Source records
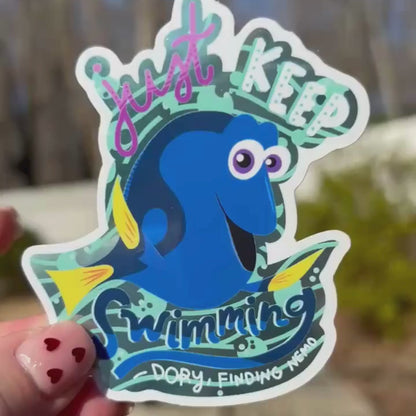 Dory "Just Keep Swimming" Sticker – Mirror Effect Waterproof Finding Nemo Vinyl Decal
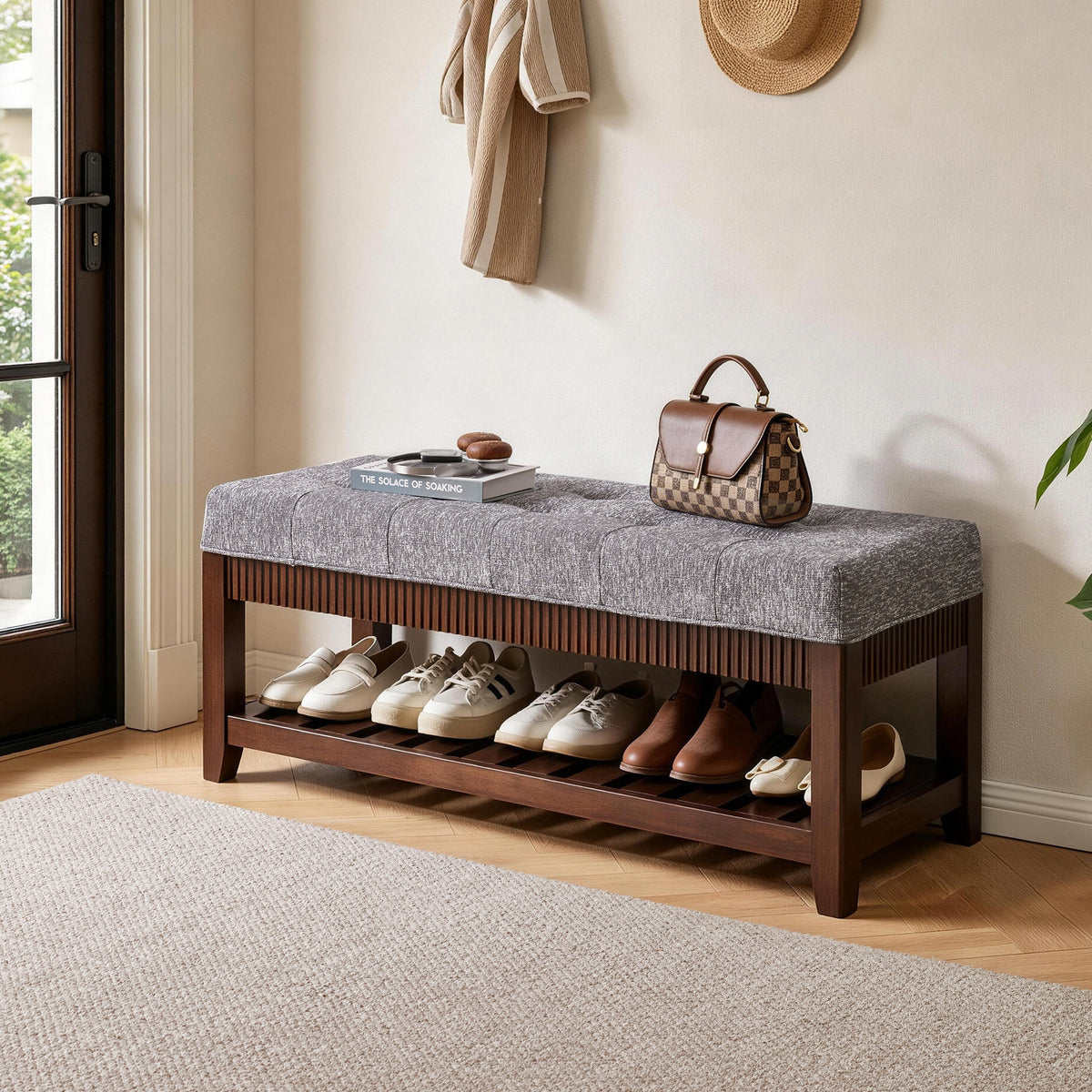 Gray Solid Wood Shoe Storage Bench, 43.7 in Wide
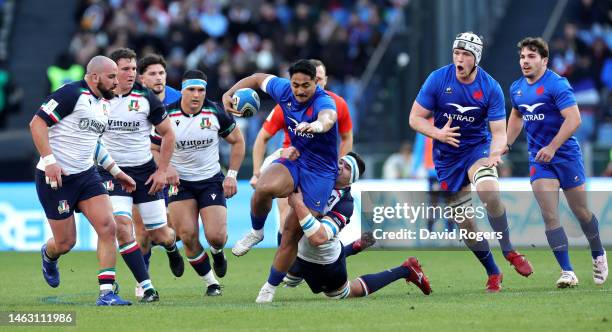 Yoram Moefana of France breaks with the ball during the Six Nations Rugby match between Italy and France at Stadio Olimpico on February 05, 2023 in...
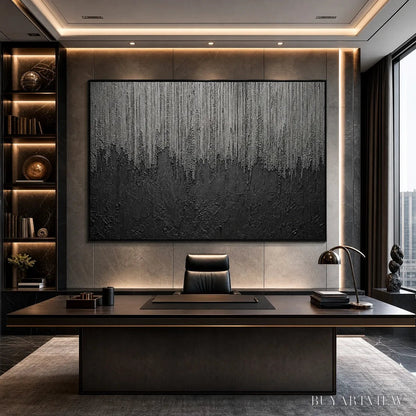 BUYARTVIEW Ashen Cascade – Large Textured Black and Grey Abstract - image 2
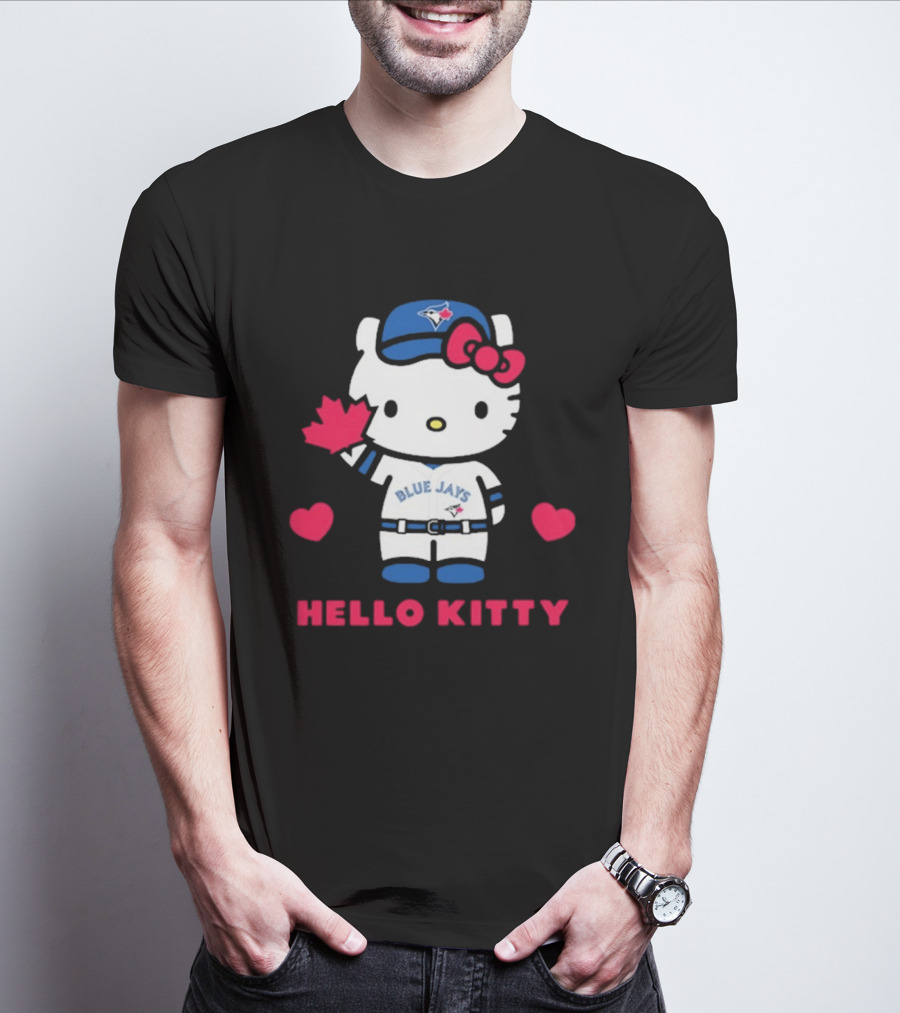 Hello Kitty Blue Jays 2026 With Maple Leaf And Hearts T-Shirt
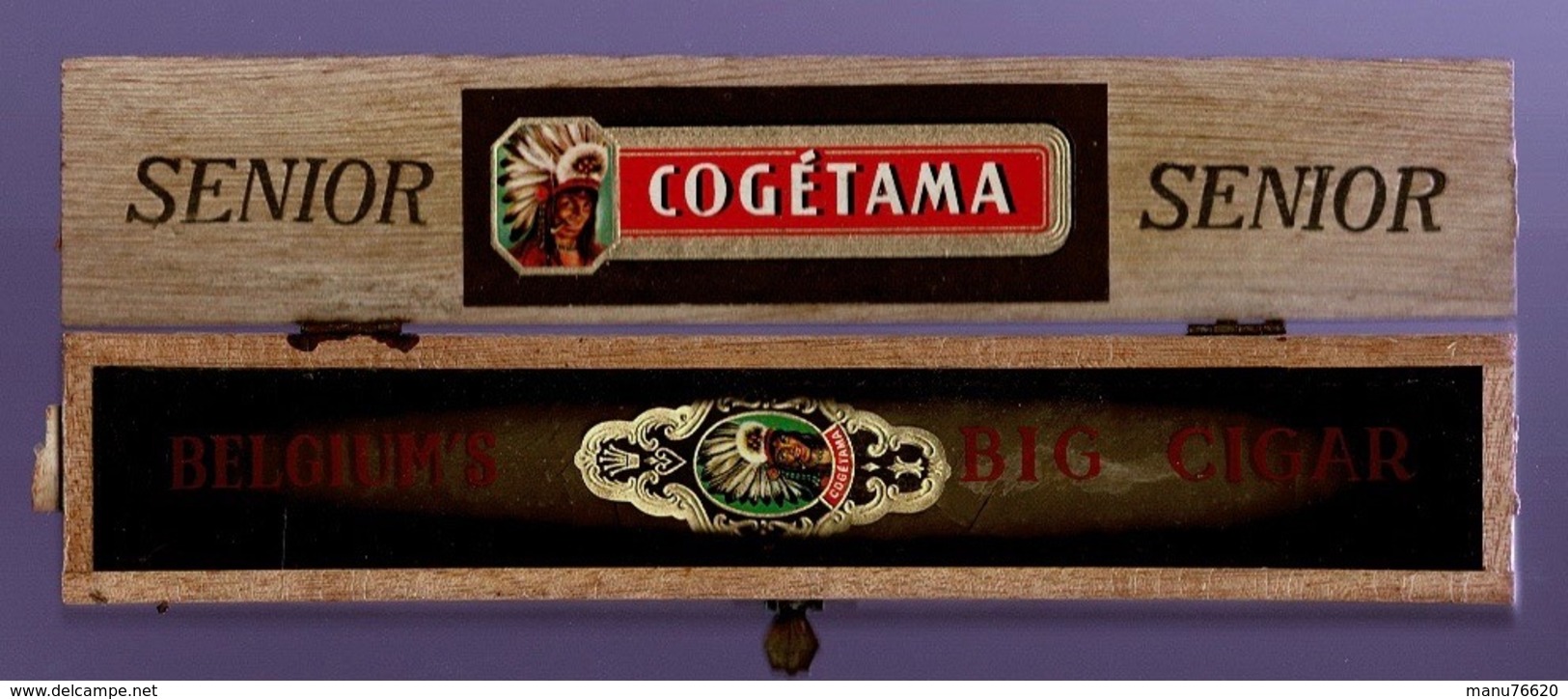 Ancienne Boite Et  Cigare COGETAMA SENIOR  Longueur 20,5CM  Et Boite 23,3 X 4,3cm (Belgique) BELLE BAGUE. - Cigar Cases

• _Task statement_: Please print exactly the lines from the line containing "Hello Kitty Blue" through the end of the records above, both included, leaving out every picture.

• _Reply_:
 Hello Kitty Blue Jays 2026 With Maple Leaf And Hearts T-Shirt
 Ancienne Boite Et  Cigare COGETAMA SENIOR  Longueur 20,5CM  Et Boite 23,3 X 4,3cm (Belgique) BELLE BAGUE. - Cigar Cases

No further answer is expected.